Why @tsv instead of JSON? Two reasons:
1. sort operates on plain text lines — TSV gives you one record per line, sortable by the first column
2. You can paste TSV output directly into Excel — it auto-splits on tabs
Step 5 — Full Context Per Event¶
find . -type f -exec cat {} \; | \
jq -cr '.Records[]|[.eventTime, .sourceIPAddress, .userIdentity.arn, .userIdentity.accountId, .userIdentity.type, .eventName]|@tsv' | sort
What each field tells you:
| Field | Why it matters |
|---|---|
.eventTime |
When the call happened — lets you reconstruct a timeline |
.sourceIPAddress |
Which IP made the call — non-AWS IPs on service roles = red flag |
.userIdentity.arn |
Exact identity — tells you what role or user was used |
.userIdentity.accountId |
Which account the identity belongs to |
.userIdentity.type |
AssumedRole, IAMUser, AWSService, Anonymous |
.eventName |
What action was performed |
Nested field access: .userIdentity.arn works because userIdentity is a JSON object. You chain dot-notation to drill into nested fields.
Understanding the Three Event Categories¶
ANONYMOUS_PRINCIPAL events:
These look alarming but are not. ANONYMOUS_PRINCIPAL = the request was made with no AWS credentials at all — an unauthenticated HTTP request. Since the flaws2.cloud website is hosted on public S3 buckets, every browser page load generates GetObject events logged as ANONYMOUS_PRINCIPAL.
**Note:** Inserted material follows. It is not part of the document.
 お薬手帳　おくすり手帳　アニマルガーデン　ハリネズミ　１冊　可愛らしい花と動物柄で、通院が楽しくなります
ANONYMOUS_PRINCIPAL = someone's browser loading the website. Filter them out — they're web traffic, not API calls.
As an analyst: these are background noise. The attacker was also browsing the site (note the same IP 104.102.221.250 appearing in both ANONYMOUS_PRINCIPAL events and later AssumedRole events — that's the attacker doing recon before exploitation).
AWSService events:
AWS infrastructure making internal API calls. When a Lambda function cold-starts, AWS internally calls sts:AssumeRole to issue it temporary credentials — that appears as AWSService. When API Gateway invokes Lambda, it appears as AWSService. These are internal plumbing events.
Filter these out too. They tell you about normal infrastructure activity, not what any person or attacker did.
AssumedRole events from non-AWS IPs — this is what you hunt:
An ECS task role showing up with sourceIPAddress: 104.102.221.250 (not an AWS IP) means the credentials were stolen from the container and used externally. The role is valid and working — the anomaly is where it's being used from.
The Full Attack Timeline¶
| Time (UTC) | IP | Identity | Event | What it means |
|---|---|---|---|---|
| 22:31:59 | AWS internal | AWSService | AssumeRole | ECS task starting — legitimate |
| 23:02:56–23:03:18 | 104.102.221.250 | ANONYMOUS_PRINCIPAL | GetObject ×13 | Attacker browsing the site |
| 23:03:12 | 34.234.236.212 | level1/level1 | CreateLogStream | Lambda running (AWS internal IP — normal) |
| 23:03:13 | apigateway | AWSService | Invoke | API Gateway invoking Lambda |
| 23:04:54 | 104.102.221.250 | level1/level1 | ListObjects | Attacker using stolen Lambda credentials |
| 23:05:53 | 104.102.221.250 | level1/level1 | ListImages | Attacker enumerating ECR |
| 23:06:17 | 104.102.221.250 | level1/level1 | BatchGetImage | Attacker pulling the container image |
| 23:06:33 | 104.102.221.250 | level1/level1 | GetDownloadUrlForLayer | Attacker downloading image layers |
| 23:09:28 | 104.102.221.250 | level3/d190d14a... | ListBuckets | Attacker using stolen ECS credentials |
Reading the story: same IP 104.102.221.250 doing both browser requests (ANONYMOUS) and authenticated CLI calls (AssumedRole) minutes later = one attacker doing recon then exploitation. The level1 role running from that IP is impossible unless credentials were stolen — Lambda runs on 34.234.236.212, an AWS IP.